*** INFORMATION SUPPLIED Section Begins ***
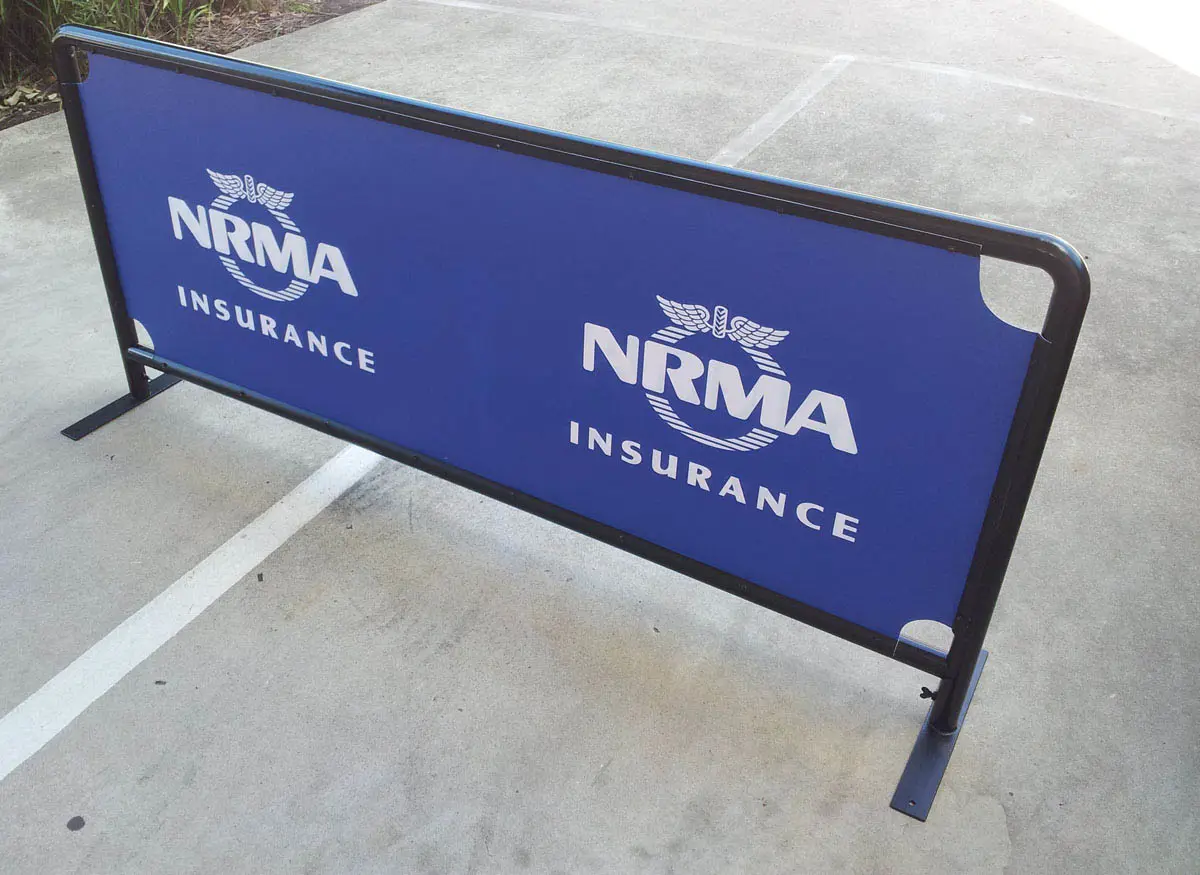 NRMA Insurance barrier with a blue printed panel on a rounded steel frame outdoors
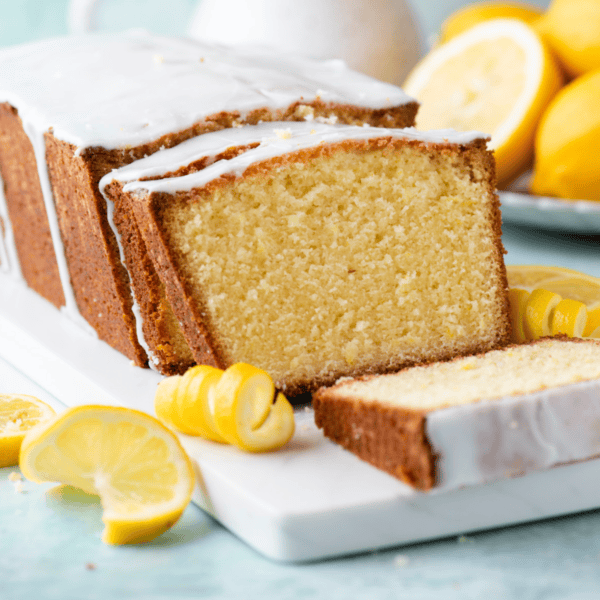 a sliced loaf of lemon pound cake on a white cutting board on a light blue surface with fresh lemon slices and peels scattered around and more whole and sliced lemons in the background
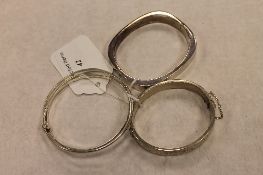 Two silver bangles, together with a sterling silver three-part bracelet. (3) CONDITION REPORT:
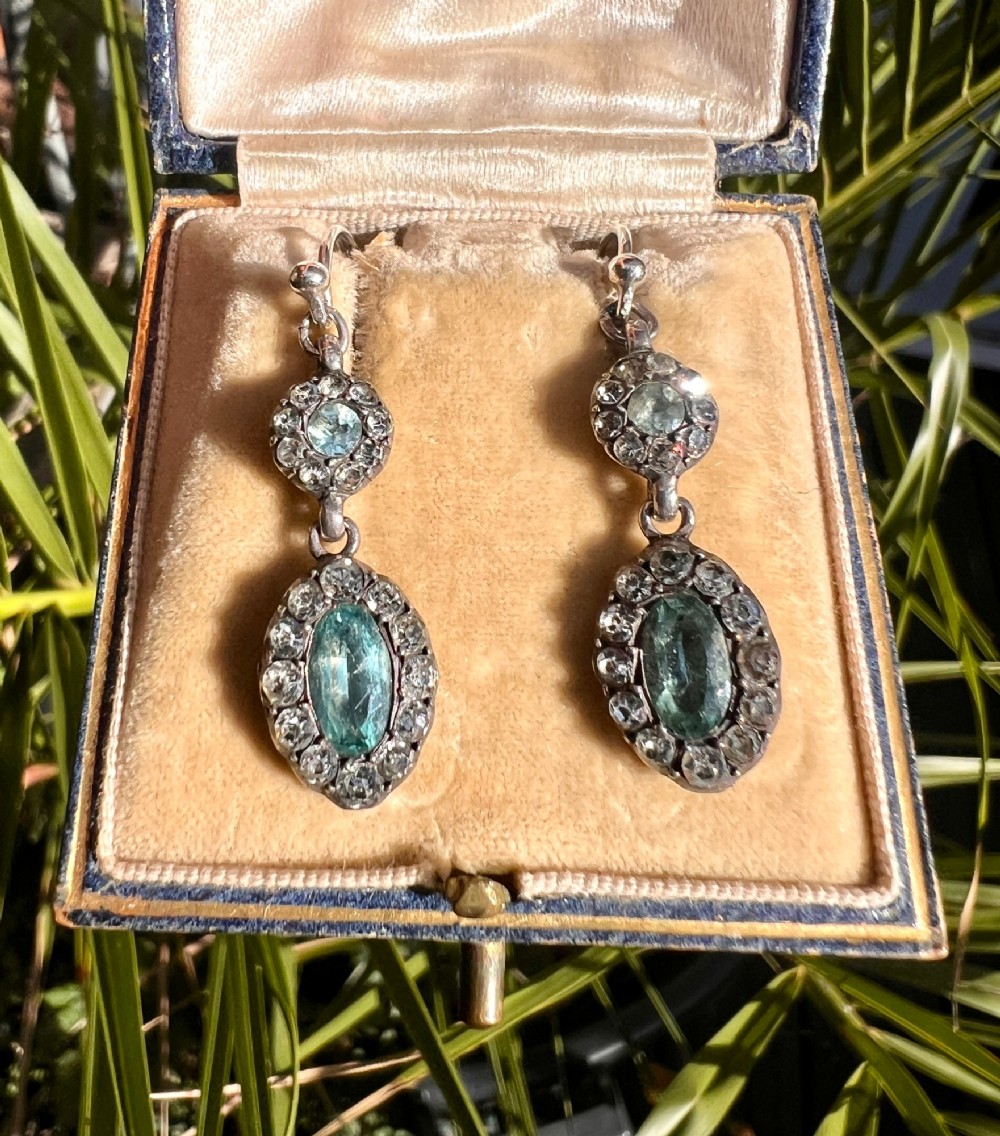 A pair of antique silver drop earrings featuring oval light blue paste central stones surrounded by clear paste halos suspended from wire hooks. View IV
*** INFORMATION SUPPLIED Section Ends ***
HOW TO COMPLETE THIS TASK:
None of the pictures belong in the copy; repeat all other material exactly.

RESPONSE TO THIS EXERCISE:
 NRMA Insurance barrier with a blue printed panel on a rounded steel frame outdoors
 a sliced loaf of lemon pound cake on a white cutting board on a light blue surface with fresh lemon slices and peels scattered around and more whole and sliced lemons in the background
 Two silver bangles, together with a sterling silver three-part bracelet. (3) CONDITION REPORT:
 A pair of antique silver drop earrings featuring oval light blue paste central stones surrounded by clear paste halos suspended from wire hooks. View IV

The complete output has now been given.